▶ **Given information**
--

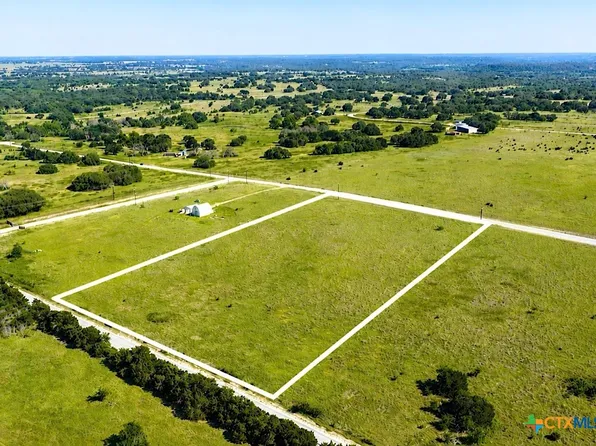 437 Grand Canyon Dr, Oglesby, TX 76561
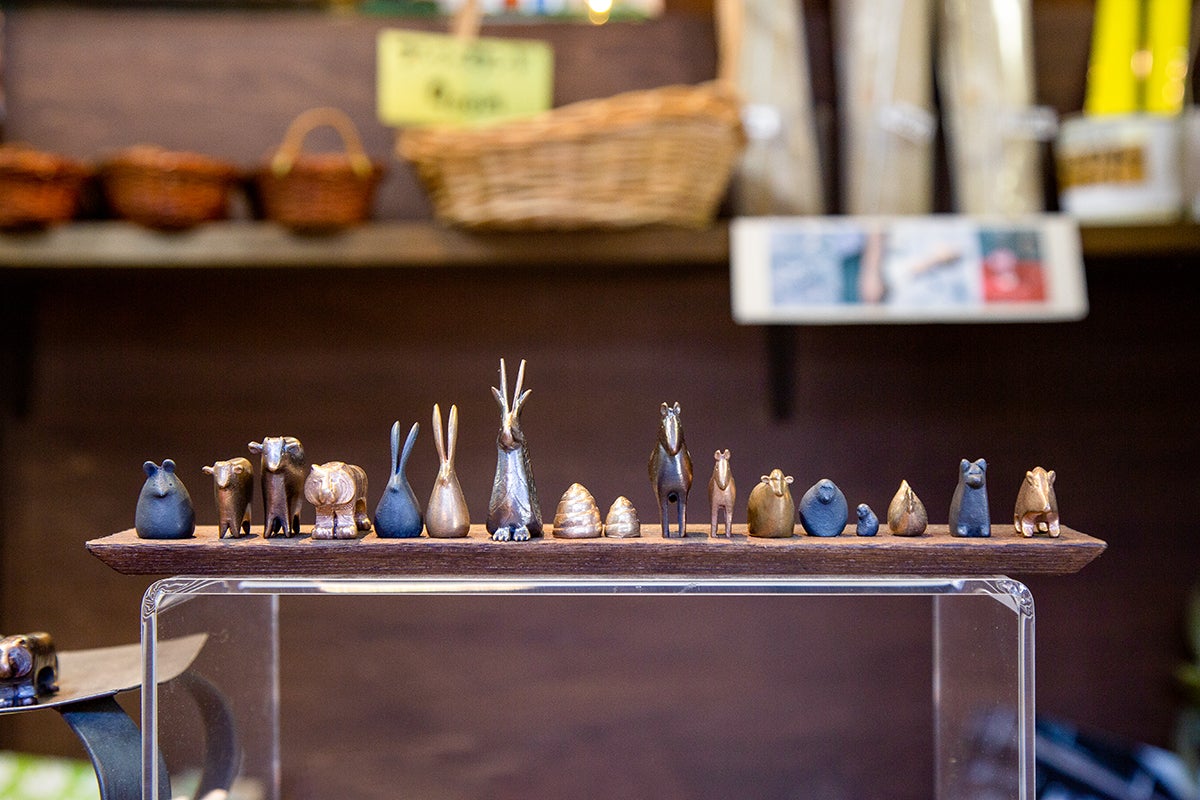 大寺幸八郎商店オリジナルミニ干支シリーズ。小さいながらも存在感があります／提供画像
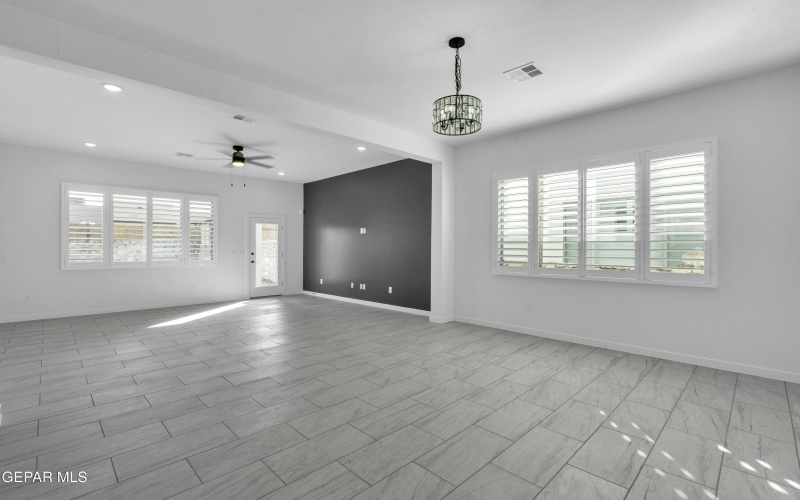 1416 DYLAN Place, El Paso, TX 79928, 4 Habitaciones Habitaciones , ,2 BañosBaños,Residential,En Venta,1416 DYLAN Place,0,937421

--

▶ **Required action**
Print the whole listing again exactly, please. No pictures.

▶ **Answer area**
 437 Grand Canyon Dr, Oglesby, TX 76561
 大寺幸八郎商店オリジナルミニ干支シリーズ。小さいながらも存在感があります／提供画像
 1416 DYLAN Place, El Paso, TX 79928, 4 Habitaciones Habitaciones , ,2 BañosBaños,Residential,En Venta,1416 DYLAN Place,0,937421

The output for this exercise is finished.